- _Data provided_
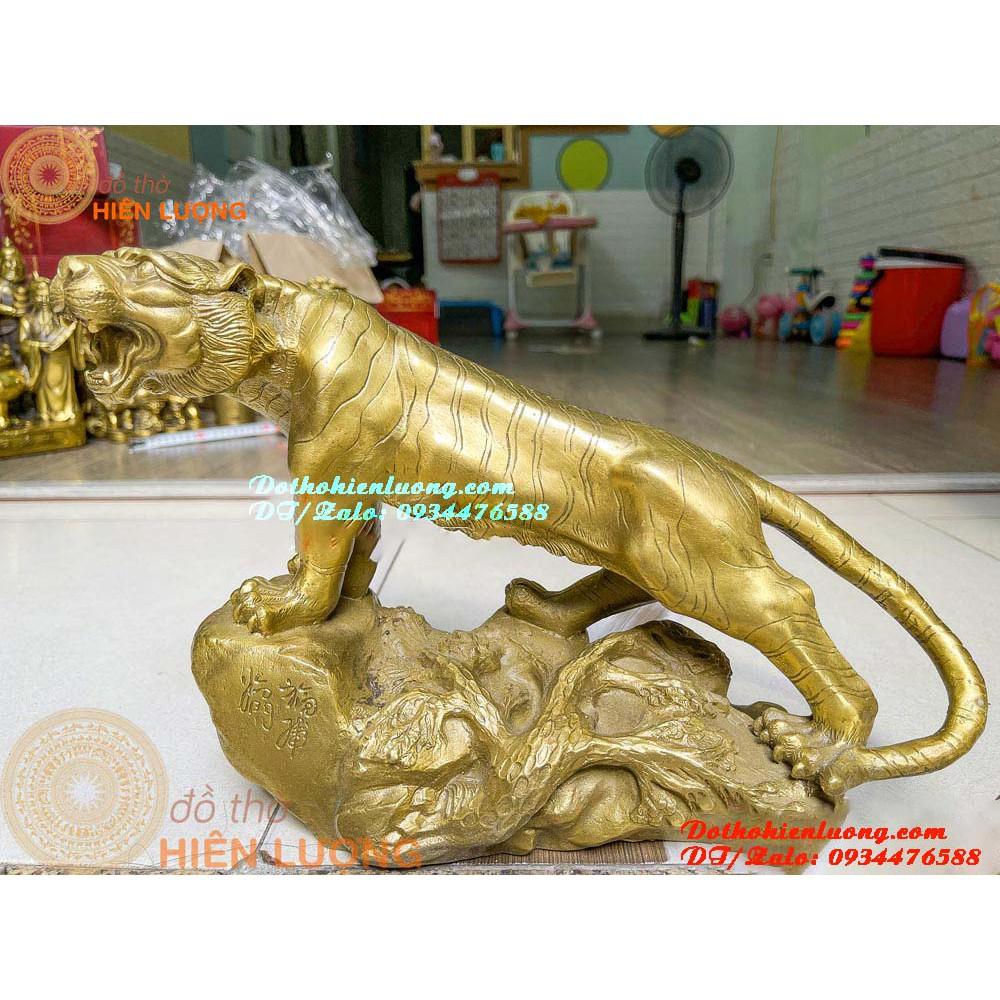 Tượng Hổ Gầm Đứng Bệ Núi Đá - Hổ Thét Sơn Hà Bằng Đồng Nguyên Chất Cao 22cm Đẹp Tinh Xảo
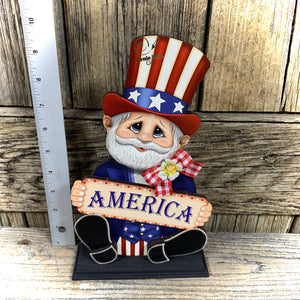 Uncle Sam, Patriotic decoration, Summer Arrangement, Primitive wooden Uncle Sam with stand, Americana, Fourth of July bow, Summer Flag decor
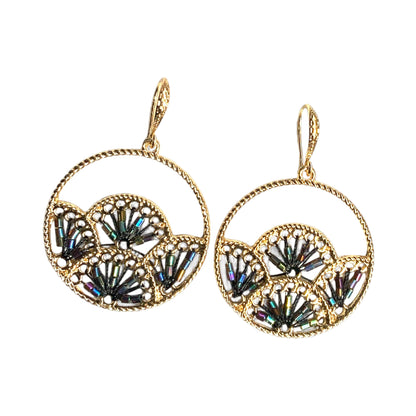 Woven Fan Earrings with Black AB Seed Beads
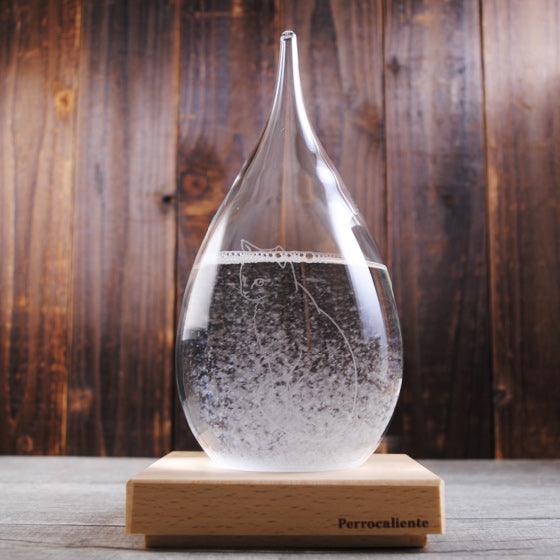 聖誕節【雪貓天氣球】20.5cm日本進口Tempo Drop天氣瓶(含木座) 客製 航海士遇見美麗的氣候瓶 - MSA玻璃雕刻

- _What is needed_
Your copy should hold only the lines above from the one containing "Uncle Sam, Patriotic" through the one containing "Woven Fan Earrings with Black AB Seed Beads", exactly as written and free of pictures.

- _Expected answer_
 Uncle Sam, Patriotic decoration, Summer Arrangement, Primitive wooden Uncle Sam with stand, Americana, Fourth of July bow, Summer Flag decor
 Woven Fan Earrings with Black AB Seed Beads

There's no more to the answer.